Department of Radiology, AP-HP.Sorbonne, Saint Antoine Hospital, 184 Rue du Faubourg Saint-Antoine, 75012, Paris, France.
UMR 7371, Université Sorbonne, CNRS, Inserm U114615, rue de l'École de Médecine, 75006, Paris, France.
Eur Radiol. 2024 Sep;34(9):5842-5853. doi: 10.1007/s00330-024-10657-z. Epub 2024 Feb 22.
Automated evaluation of abdominal computed tomography (CT) scans should help radiologists manage their massive workloads, thereby leading to earlier diagnoses and better patient outcomes. Our objective was to develop a machine-learning model capable of reliably identifying suspected bowel obstruction (BO) on abdominal CT.
The internal dataset comprised 1345 abdominal CTs obtained in 2015-2022 from 1273 patients with suspected BO; among them, 670 were annotated as BO yes/no by an experienced abdominal radiologist. The external dataset consisted of 88 radiologist-annotated CTs. We developed a full preprocessing pipeline for abdominal CT comprising a model to locate the abdominal-pelvic region and another model to crop the 3D scan around the body. We built, trained, and tested several neural-network architectures for the binary classification (BO, yes/no) of each CT. F1 and balanced accuracy scores were computed to assess model performance.
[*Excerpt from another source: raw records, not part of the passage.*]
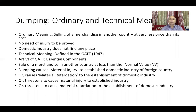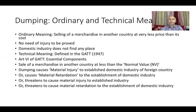This technical meaning has been given in the GATT — General Agreement on Tariffs and Trade — 1947. This is the agreement which gave for the first time the technical meaning of dumping. If we look at Article 6 of GATT, it says there are three or four basic elements.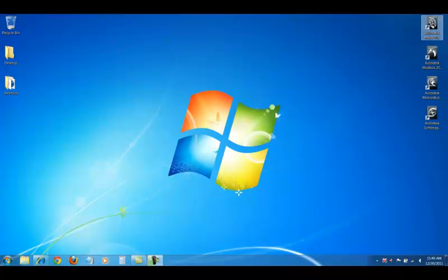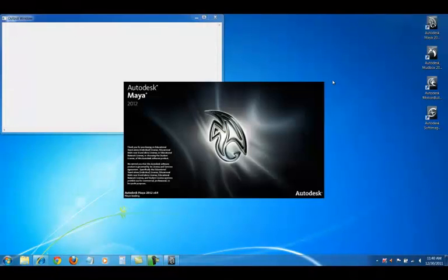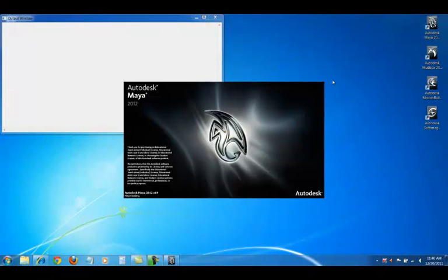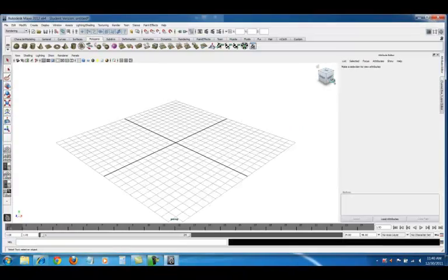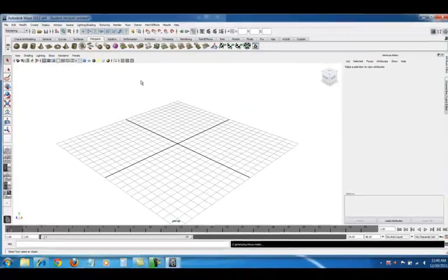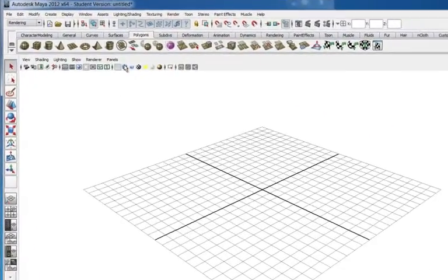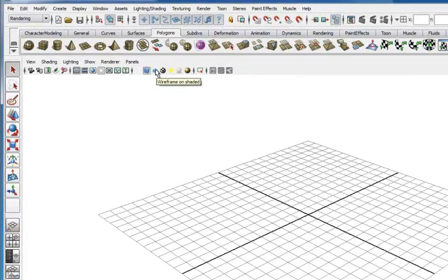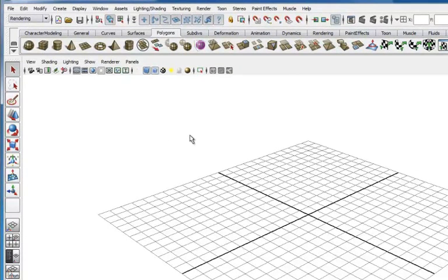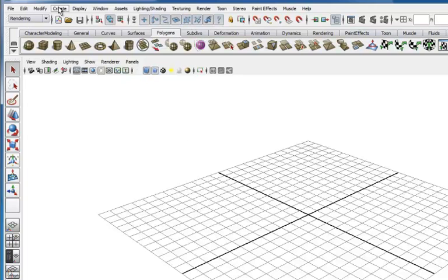The first thing we're going to do is double click on the desktop icon and Maya opens. We're going to make sure that the smooth shade all and wireframe on shade are selected.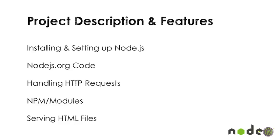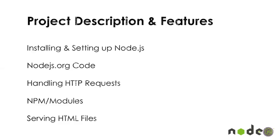Basically, in this project, we'll be installing and setting up Node.js. We will be looking at the simple code on the Node.js org website. We'll be handling HTTP requests. We'll talk about NPM, which is the Node package modules. Basically, they're just bits of code, some large, some small, that serve different functionalities and needs. And we'll be able to serve HTML files to the browser.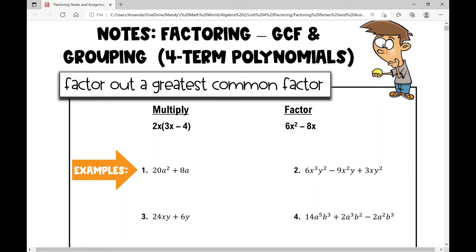Let's get started on your Algebra 2 lesson over factoring. Today we're going to focus on factoring out a GCF, or greatest common factor, and factoring by grouping. We're going to use the grouping method when we factor polynomials that have four terms — four-term polynomials.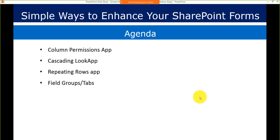What I will show you here are four small apps: the column permission app, cascading lookup, repeating rows app, field groups and tabs. I will show you in various examples how these apps can take your out-of-box forms and make your form experience very good, so users can use those forms easily, and you can add logic to hide things if you want.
The mixed convolutional network pretrained on a Kinetics 400 dataset achieved the best results: with the internal dataset, the F1 score was 0.92, balanced accuracy 0.86, and sensitivity 0.93; with the external dataset, the corresponding values were 0.89, 0.89, and 0.89. When calibrated on sensitivity, this model produced 1.00 sensitivity, 0.84 specificity, and an F1 score of 0.88 with the internal dataset; corresponding values were 0.98, 0.76, and 0.87 with the external dataset.
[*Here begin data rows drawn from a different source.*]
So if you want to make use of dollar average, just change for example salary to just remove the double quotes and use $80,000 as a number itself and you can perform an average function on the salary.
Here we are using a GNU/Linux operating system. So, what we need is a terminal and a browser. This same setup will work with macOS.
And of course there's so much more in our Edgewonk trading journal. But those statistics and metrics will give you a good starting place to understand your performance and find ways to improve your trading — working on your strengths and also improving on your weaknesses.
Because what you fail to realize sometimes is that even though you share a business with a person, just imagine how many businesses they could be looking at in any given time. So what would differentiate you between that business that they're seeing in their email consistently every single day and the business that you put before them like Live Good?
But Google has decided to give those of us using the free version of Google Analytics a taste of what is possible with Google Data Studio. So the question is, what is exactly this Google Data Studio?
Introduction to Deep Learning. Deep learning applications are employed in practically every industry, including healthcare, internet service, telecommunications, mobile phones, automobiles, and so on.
The 3D mixed convolutional neural network developed here shows great potential for the automated binary classification (BO yes/no) of abdominal CT scans from patients with suspected BO.
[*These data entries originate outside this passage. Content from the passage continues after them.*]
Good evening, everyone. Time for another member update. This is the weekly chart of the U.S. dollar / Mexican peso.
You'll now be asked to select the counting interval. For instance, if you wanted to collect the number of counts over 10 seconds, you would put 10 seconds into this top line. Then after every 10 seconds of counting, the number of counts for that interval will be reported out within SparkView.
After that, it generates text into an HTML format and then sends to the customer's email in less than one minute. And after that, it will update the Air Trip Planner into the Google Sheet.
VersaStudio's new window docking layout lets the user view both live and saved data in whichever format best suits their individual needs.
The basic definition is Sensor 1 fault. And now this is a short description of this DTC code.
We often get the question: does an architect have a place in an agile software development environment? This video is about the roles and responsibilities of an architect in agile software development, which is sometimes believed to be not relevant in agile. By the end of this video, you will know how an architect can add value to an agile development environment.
The 3D mixed CNN automates bowel obstruction classification, potentially automating patient selection and CT prioritization, leading to an enhanced radiologist workflow.
• Bowel obstruction's rising incidence strains radiologists. AI can aid urgent CT readings. • Employed 1345 CT scans, neural networks for bowel obstruction detection, achieving high accuracy and sensitivity on external testing. • 3D mixed CNN automates CT reading prioritization effectively and speeds up bowel obstruction diagnosis.
自动化评估腹部计算机断层扫描(CT)应有助于放射科医生管理其大量的工作量,从而实现更早的诊断和更好的患者预后。我们的目标是开发一种能够可靠识别腹部 CT 疑似肠梗阻(BO)的机器学习模型。
内部数据集包含 2015 年至 2022 年期间从 1273 名疑似 BO 患者中获得的 1345 例腹部 CT;其中,670 例由一名有经验的腹部放射科医生标注为 BO 是/否。外部数据集由 88 例放射科医生标注的 CT 组成。我们为腹部 CT 开发了一个完整的预处理管道,包括一个定位腹部-盆腔区域的模型和另一个围绕身体裁剪 3D 扫描的模型。我们为每个 CT 的二分类(BO,是/否)构建、训练和测试了几种神经网络架构。计算了 F1 和平衡准确性评分以评估模型性能。
在 Kinetics 400 数据集上预训练的混合卷积网络取得了最佳结果:在内部数据集上,F1 得分为 0.92,平衡准确性为 0.86,敏感性为 0.93;在外部数据集上,相应的值分别为 0.89、0.89 和 0.89。当根据敏感性进行校准时,该模型在内部数据集中产生了 1.00 的敏感性、0.84 的特异性和 0.88 的 F1 评分;在外部数据集中,相应的值分别为 0.98、0.76 和 0.87。
这里开发的 3D 混合卷积神经网络在自动对疑似 BO 患者的腹部 CT 扫描进行二进制分类(BO 是/否)方面具有巨大潜力。
3D 混合 CNN 可自动对肠梗阻进行分类,有可能实现对患者选择和 CT 优先级的自动化,从而提高放射科医生的工作流程。
肠梗阻的发病率不断上升,给放射科医生带来压力。人工智能可以辅助紧急 CT 阅读。
研究使用了 1345 例 CT 扫描和用于检测肠梗阻的神经网络,在外部测试中取得了较高的准确性和敏感性。
3D 混合 CNN 可有效实现 CT 阅读优先级自动化,并加速肠梗阻诊断。